Debugging "The client was disconnected by the server because of inactivity"

I’m using Django 4.2 connected to a MySQL 8 database. The server is nginx , with gunicorn (3 workes) and using wsgi.

I’m running asyncio for a function I really need to run asynchronously:

from django.db import connection
import asyncio

example_object = asyncio.run(example(request))
connection.close()
async def example(request):
    object = await ModelExample.objects.filter(example=example).afirst()
    return object

I’m having the following error:
‘’“The client was disconnected by the server because of inactivity. See wait_timeout and interactive_timeout for configuring this behavior”‘’

Initially the work codes fine, the error only happens after a few hours (maybe 8h, like the default wait_timeout variable) after I restart the (nginx) server.
It’s a low traffic website so it’s very possible the function is executed only once a day.

In my understanding, Django always opens a connection, executes a query and then closes a connection. So I tought it could be som issue with ‘’“afirst()”‘’ and openned this same issue in django issues but was closed because I didn’t explained in enough detail.

I want to do everything possible to solve this issue but I am still learning Django, would be very gratefull if you can help me debug this and provide helpful details:

  1. It was mentioned that a small project would help. But because of the nature of the error - needing to be 8 hours live and innactive in order to occur - I guess it would not be helpfull for reproducing locally.
  2. Then maybe it would be more helpful to simply give you direct sentry log? Is this helpful?
  3. It was stated that *" this has nothing to do with afirst() .". I don’t understand why, can you explain?
  4. What other ways can I debug this and provide relevant details?

Thank you so much in advance.


Other things that I tried:

  • Before doing the connection.close(), I would have an error like: ‘’“MySQL server has gone away”‘’
  • Adding close_old_connections() before asyncio.run. Don’t understand why there is an inactive connection left open at all.
  • Increasing the wait_timeout value and interactive_timeout variables in my MySQL config file. I find it very strange that this had no impact at all but the ‘’“SHOW VARIABLES”‘’ command shows me they are indeed currently set to 31536000.
  • Then I thought that maybe the connection from Django is somehow independent of that and tried setting ‘‘CONN_HEALTH_CHECKS’’ option to True, in the hopes that “if the health check fails, the connection will be re-established without failing the request”
  • Changing the ‘‘CONN_MAX_AGE’’ from the default 0 to “None” in the Django settings file, which according to Django docs, means an unlimited persistent database connection, but then I would have a ‘’“Lost connection to MySQL server during query”‘’
1 Like

Can you be more specific here?

Is this supposed to be a “persistent” process that is always running? If so, you do not want to do this within the context of your Django process. You’d want to set this up as an external process.

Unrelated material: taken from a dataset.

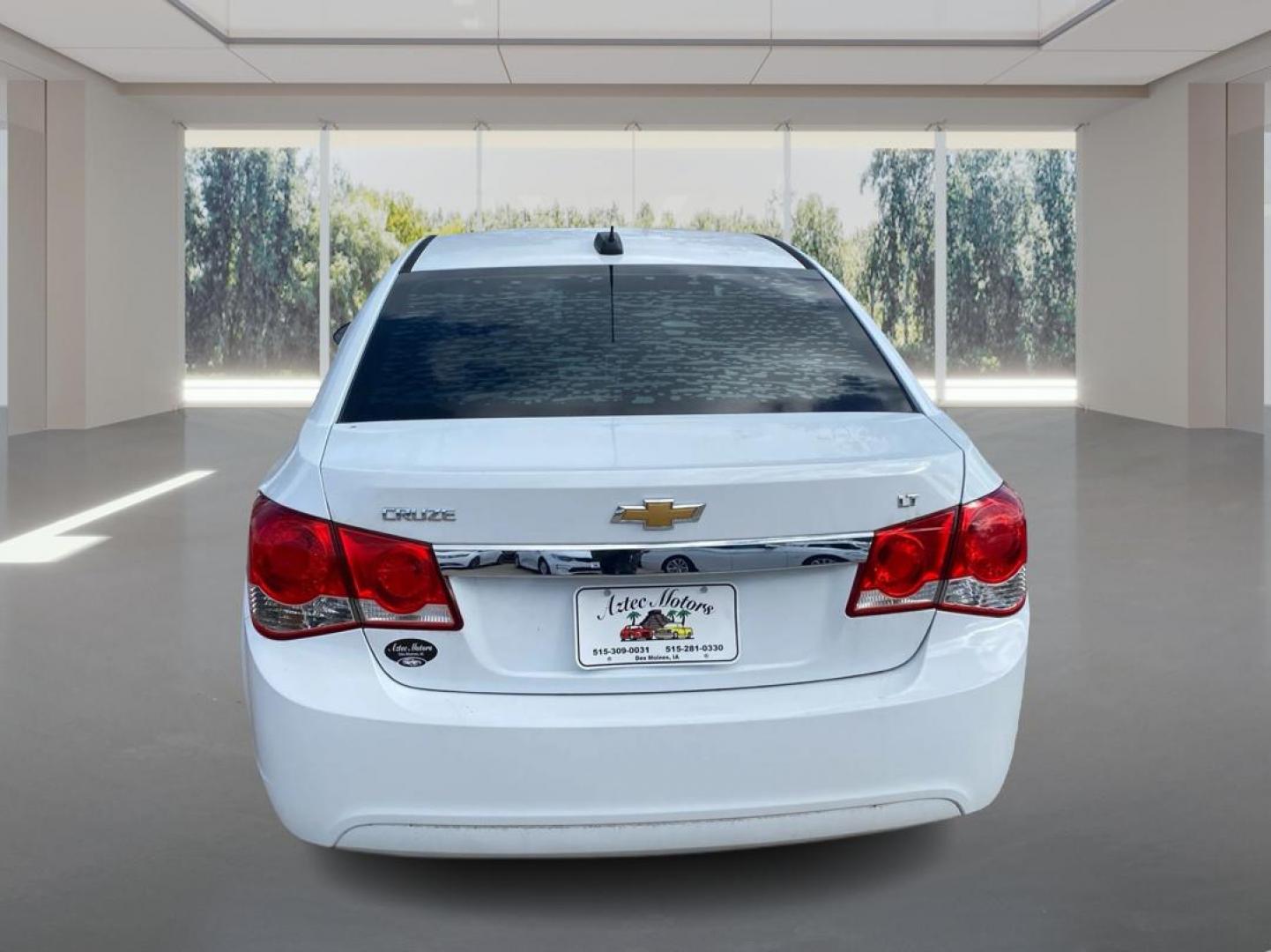 2016 WHITE CHEVROLET CRUZE LIMITED LT (1G1PE5SBXG7) with an 1.4L engine, Automatic transmission, located at 908 SE 14th Street, Des Moines, IA, 50317, (515) 281-0330, 41.580303, -93.597046 - Photo#3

If this is just a long-running task that doesn’t need to return data as a response to a particular request, that’s the common case for Celery. If it’s an “always running” process then you might consider creating a custom management command.

1 Like

@KenWhitesell sure, willt ry to be more specific:

The function responsability is to save a request inside a db object (the query is to find that object).

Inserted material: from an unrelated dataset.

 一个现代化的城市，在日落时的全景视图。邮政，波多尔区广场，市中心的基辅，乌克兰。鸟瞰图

The reason I need it to be async is because this function can be called from an asynchronous API broker so it needs to be able to handle that asynchronous.

But in order to reduce complexity I’m not even using the API broker here, right now is just a simple button that runs this function via asyncio.run() directly.

So nothing “persistent” like that no. Just a button that runs an async function with a query that fails if the button is clicked >8 hours after restarting the server.

Here is a more complete piece of the real code in case it helps:

This is the function called from the views.py:

@login_required
def submit_application_output(request, application_id, project_id):
    question = request.POST.get('question')
    answer_html = request.POST.get('answer_html')
    if request.method == 'POST' and question and answer_html:
        application_output = asyncio.run(save_application_output(request, application_id, project_id, question, answer_html))
        connection.close()

        if application_output:
           (...)
async def save_application_output(request, application_id, project_id, question, answer_html):
    """Save the ApplicationOutput model
    - Check if the application output already exists
        - If it exists, update it
        - If it does not exist, create it
    - Save the model
    """
    application_output = await ApplicationOutput.objects.filter(application_id=application_id, question=question, project_id=project_id).afirst()

    try:
       (...)

I’d think about making this a celery task then - it seems to me to be an ideal case for it.

I mean sure, changing the tech would be a solution. Not sure if the best one given the context of the project tough (time, budget, etc).

But then again wouldn’t be needed if the query actually continued working, just like it does, just fine, within the first 8 hours.

If the answer to “.afirst()” stops working after a while is to just “don’t use it”, then I don’t understand why launching this Django feature in the first place.

Or are you hinting that this is somehow the expected behavior and maybe I’m using it wrong? If that’s the case please explain why so I understand…

Basically, my general principle is that “you” don’t control the Django process. The wsgi container (gunicorn in your case) is in control.
I never recommend starting any kind of thread or process from within Django itself - there are too many ways that things can go wrong because you’re not in charge of the base process.
I don’t see “afirst” as being the issue. I see the root problem as being the launch of a subprocess from within a process you have no control over.
You have no way of knowing when or why gunicorn may decide to restart a worker…

(You can search through the forum here to find multiple cases where I’ve made that point in other circumstances. I just don’t believe it’s a wise idea to try and do it in a production environment.)

1 Like

Thank you for your insights. I think I got the overall root concern of lack of control over the WSGI container.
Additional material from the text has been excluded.